(Reuters) – Relentless rainfall in the Caribbean region caused at least two deaths amid severe flooding and major infrastructure damage in northern and eastern Costa Rica, authorities said on Monday.
Two people were killed and another two were missing, according to the Red Cross in Costa Rica. Some 3,000 people were forced to seek refuge from the extreme weather into emergency shelters, authorities said.
Nearly a quarter of Costa Rica is under a “red alert” declared by the National Emergency Commission (CNE) for flooding and landslides, including the northern municipalities of San Carlos, Upala, Guatuso, and the Caribbean zones of Limón, Matina, Talamanca, Sarapiquí and Turrialba.
Turrialba, which is 60 kilometers (37 miles) east of San José, received in just one day the usual amount of rain for the entire month of July, according to Mayor Luis Fernando León.

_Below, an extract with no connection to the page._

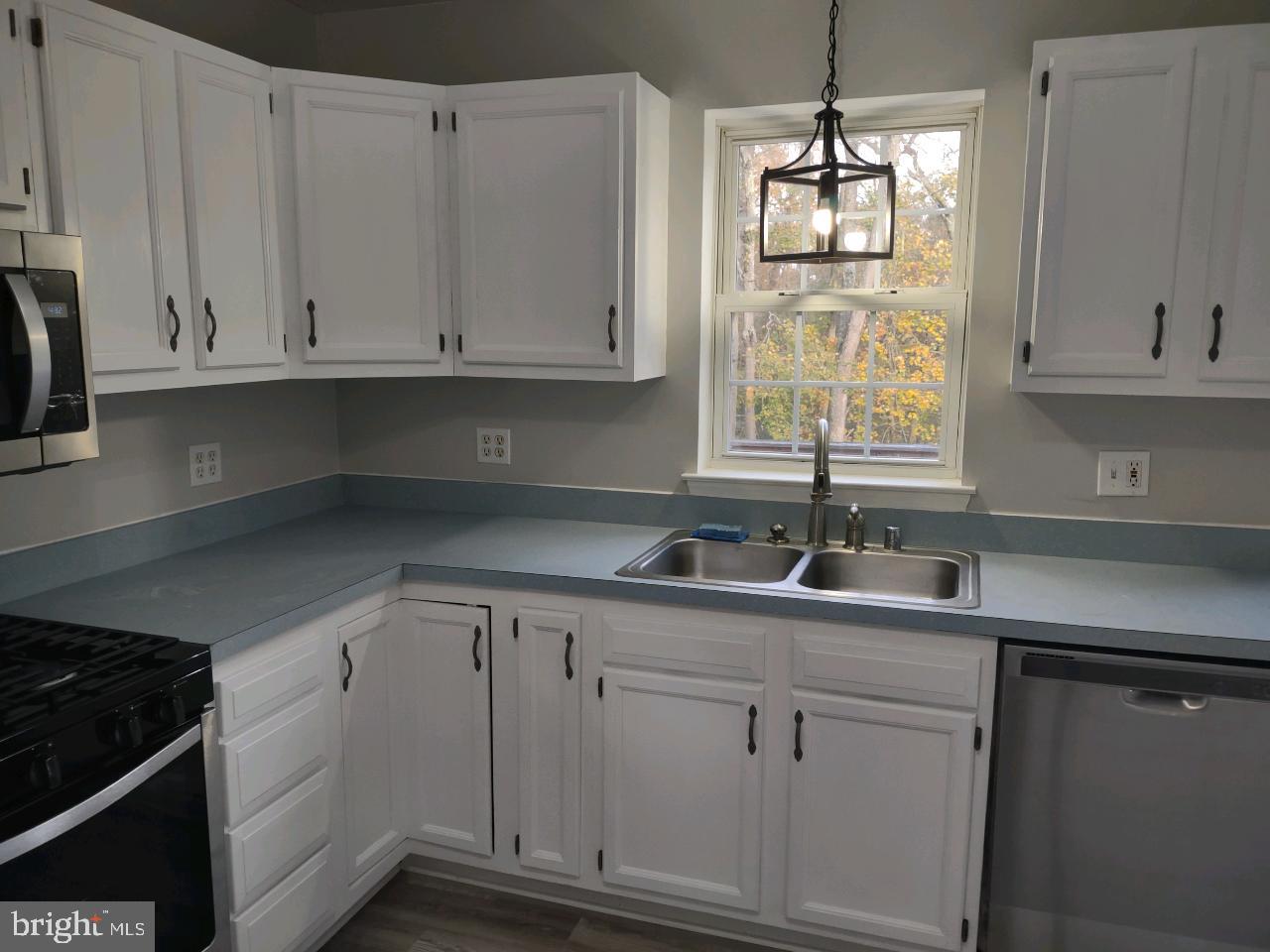 63 Myers Road Delta, PA 17314 - Photo 12 of 24 Kitchen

“We were not prepared for this magnitude. It is an extreme event that has not occurred since 1978,” León told Reuters by telephone.

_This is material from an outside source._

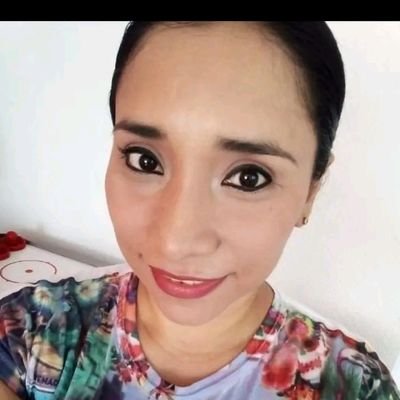 Mexicana de ♥️, comulgo con diversas ideologias, por aprendizaje, conocimiento como parte infinita del entrañable universo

The rains were worsened by the position of the Intertropical Convergence Zone, a band of rain encircling the globe, and humidity carried by trade winds, the National Meteorological Institute (IMN) said in a weekend statement.
By Monday, rains had let up enough that authorities were able to deliver aid to some affected areas, President Carlos Alvarado said.
“There is a decrease in rainfall and it is getting easier to access aid and work to remove debris and begin to rebuild normalcy in these communities,” Alvarado said.
The IMN forecast additional but moderate rains in the Caribbean zones and an increase in rains in the center of the country and the Pacific slope.